小さなプログレスバーウインドウが現れ、横線が右端まで到達すると、コンソール全体が青白く輝き、フラッシュする。

 

それと同時に破裂音がし、キリトを吹き飛ばす。

 

「キリト君!」

 

吹き飛ばされたキリトにアスナが駆け寄るが、キリトは床に打ち付けた後頭部を撫でながら、ミトにある物を渡した。

 

それは、炎の形をしたオブジェクトだった。

 

「管理者権限が切れる前に、システムにアクセスして消去されかけていたノアのプログラムを切り離したんだ。流石にノア程の権限はないから、オブジェクト化して取り出すのが精一杯だった………すまない」

 

「それじゃあ………これって………!」

 

「ああ、ノアの心だ」

 

そう言うキリトに、カイは駆け寄り肩を掴んだ。

 

「キリト……!本当に……本当にありがとう……!俺、強がってたけど本当はノアと別れたくなくて………本当にありがとう……!」

 

「お前の気持ちぐらいお見通しだ。それに、ノアがユイの為に、命を賭してくれたんだ。
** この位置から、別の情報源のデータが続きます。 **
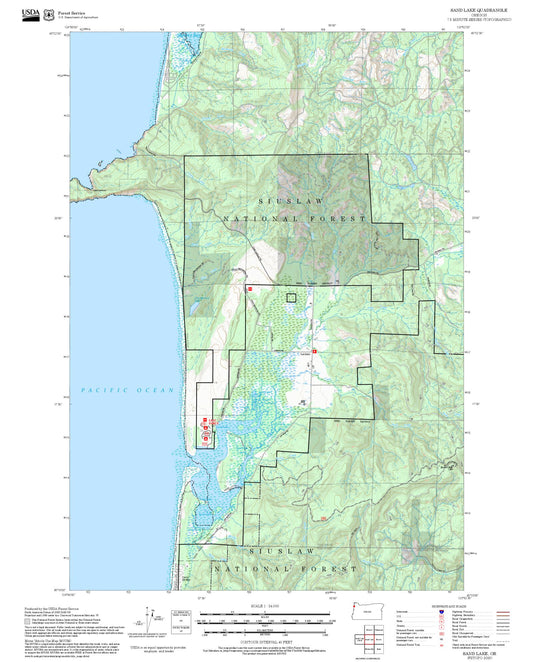 2025 Forest Service Topo Map of Sand Lake Oregon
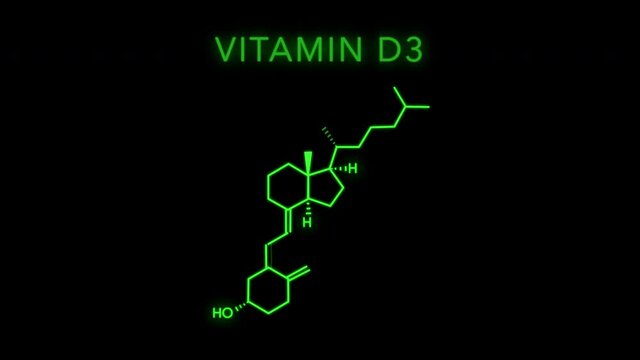Cholecalciferol also known as vitamin D3 and colecalciferol Molecular Structure Symbol Neon Animation on black background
なら、こっちもそれ相応のお返しをしないとだろ?」

 

「キリト……ありがとう………!」

 

「ミト……良かったね……!」

 

 

 

 

 

 

 

 

 

 

 

 

 

 

 

 

 

 

 

 

 

 

 

 

 

 

 

無事ダンジョンを脱出したカイ達5人を、ディアベルたちが迎えた。

 

ノアが居ないことに最初は疑問を持ったが、全員の表情を見て何かを察したディアベルはそれ以上何も言わなかった。

 

その後、キバオウ達《アインクラッド解放軍》はディアベル立ち合いの元、正式に解体され、解体後、シンカーは再び《MTD》を復活させ、新聞屋として活動することとなった。

 

「ねぇ、キリト。ゲームがクリアされたら、ノアはどうなるの?」

 

帰り道、ミトがキリトにそう尋ねた。

 

「容量的にはギリギリだけどな。クライアントプログラムの環境データの一部として、カイのナーヴギアのローカルメモリに保存されるようになっている。ユイも、ノアがいう風に設定してくれてたみたいだから大丈夫だ。もっとも、向こうで展開させるのはちょっと大変だろうけど……きっとなんとかなるさ」

 

「キリト、何から何まで本当に助かった……ありがとうな」

 

再度キリトにお礼を言うと、ユイがカイとミトに近寄った。

 

「あの、カイさん、ミトさん………私の所為でノアが………」

 

申し訳なさそうにするユイに、カイは笑顔で頭を撫でた。

 

「ユイちゃん。向こうでまたノアに逢えたら、その時はまた友達になってあげてくれないか?」

 

「そうね。きっとノアも、ユイちゃんとまた友達になりたいと思うし」

 

「あ………はい!」

 

カイとミトに、ユイは笑顔でそう返事した。

 

「それと、たまにはウチに遊びに来ていいぞ。アスナも知らないキリトの秘密、特別に教えてやるよ」

 

「じゃあ、私はアスナの秘密でも」

 

「本当ですか!?はい、絶対遊びに行きますね!」

 

「ちょ、カイ!ユイに何を吹き込む気だ!?」

 

「ミトも!ユイちゃんに変な事教えたら承知しないわよ!」

 

キリトとアスナが慌てて、カイとミトは笑い、ユイも釣られて笑う。

 

その後、カイとミトはキリトとアスナ、そして2人に手を繋がれ帰って行くユイを見送り、家へと帰った。

 

「なんだが、手が寂しいな」

 

「でも……心はここにある」

 

そう言ってミトは胸の前で拳を握る。

 

「そうだな……いつかは分からないけど、またノアと3人で暮らそう」

 

「ええ、そうね。その時までは、また2人っきりだね」

 

ミトはカイの手を取り、そう言う。

 

「ノアには悪いけど、もう少し2人っきりなのを楽しむか」

 

「うん」

 

2人は手を離さない様にしっかりと繋ぎ、家へと帰った。